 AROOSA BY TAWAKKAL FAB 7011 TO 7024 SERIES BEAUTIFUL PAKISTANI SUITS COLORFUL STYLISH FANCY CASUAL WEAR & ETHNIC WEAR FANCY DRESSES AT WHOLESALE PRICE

* * *

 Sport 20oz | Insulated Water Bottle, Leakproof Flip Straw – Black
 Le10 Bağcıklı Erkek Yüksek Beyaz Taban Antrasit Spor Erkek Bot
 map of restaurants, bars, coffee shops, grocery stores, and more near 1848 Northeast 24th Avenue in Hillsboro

* * *

» What to produce
What do the lines above say from the one containing "Sport 20oz |" down to the one containing "map of restaurants, bars, coffee"? Return them exactly, both end lines included, and only them.

» Expected output
 Sport 20oz | Insulated Water Bottle, Leakproof Flip Straw – Black
 Le10 Bağcıklı Erkek Yüksek Beyaz Taban Antrasit Spor Erkek Bot
 map of restaurants, bars, coffee shops, grocery stores, and more near 1848 Northeast 24th Avenue in Hillsboro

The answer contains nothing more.